» **TASK TO COMPLETE**: Your task is to return the listing below word for word, without any of its images.

» **DATA SECTION**:

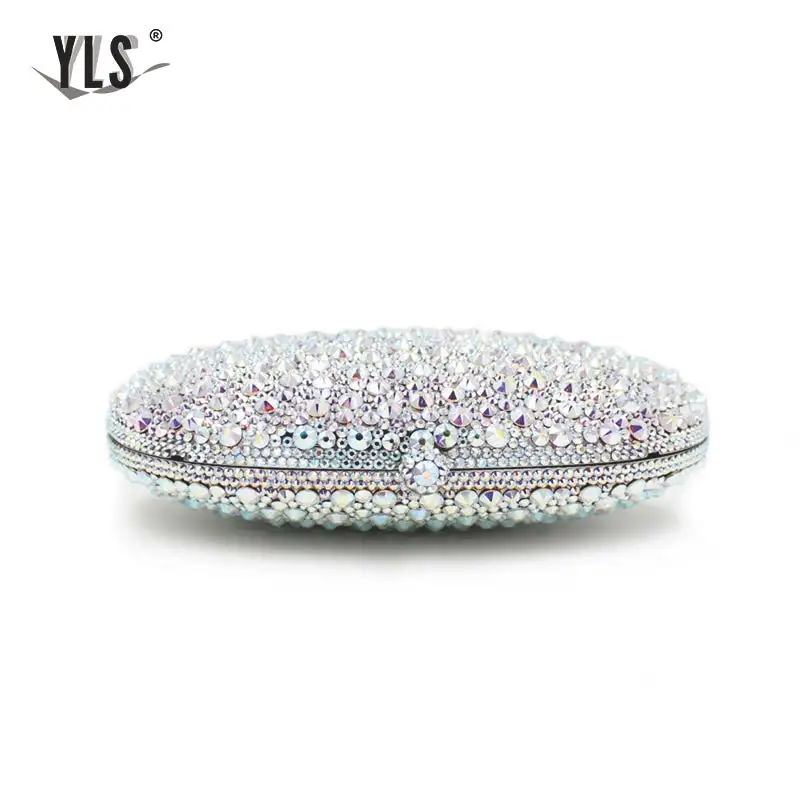 Женская серебряная сумка с кристаллами и стразами|Вечерние сумочки| |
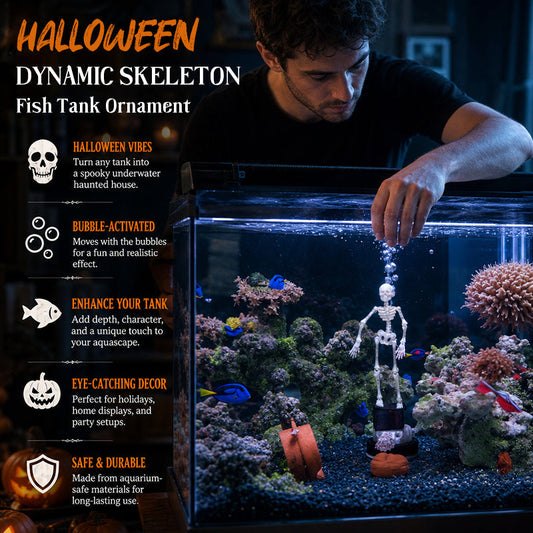 Spooky Season Must-Have! Dynamic Skeleton Aquarium Decor – Bring Your Fish Tank to Life This Halloween! 🎃💀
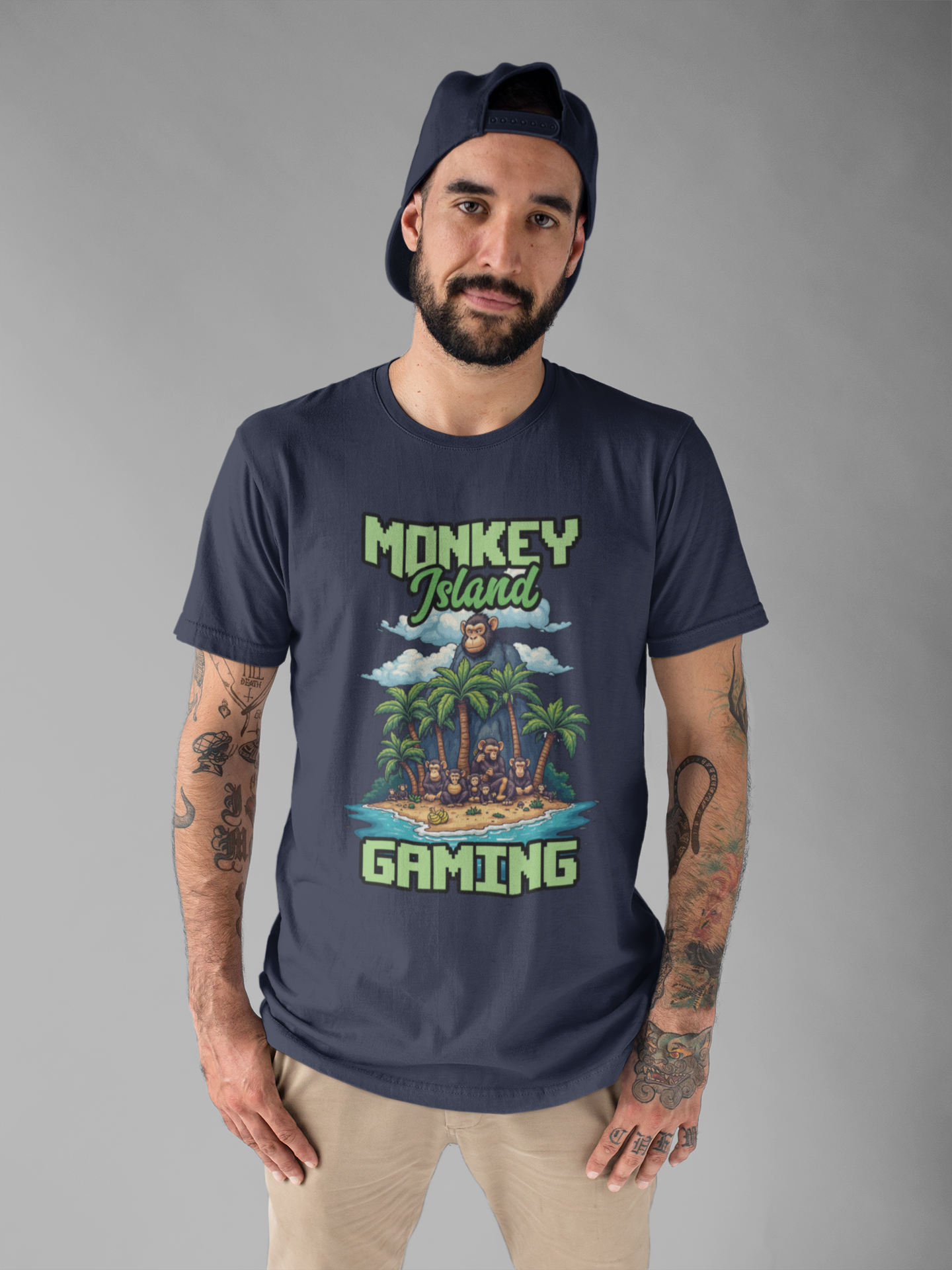 Monkey Island Gaming Tshirt – Giant Gorilla and Monkey Island Graphic
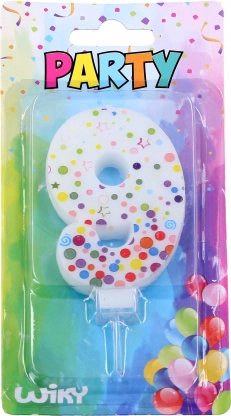 Lumânare de petrecere cifră 9 cu buline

» **EXERCISE SOLUTION**:
 Женская серебряная сумка с кристаллами и стразами|Вечерние сумочки| |
 Spooky Season Must-Have! Dynamic Skeleton Aquarium Decor – Bring Your Fish Tank to Life This Halloween! 🎃💀
 Monkey Island Gaming Tshirt – Giant Gorilla and Monkey Island Graphic
 Lumânare de petrecere cifră 9 cu buline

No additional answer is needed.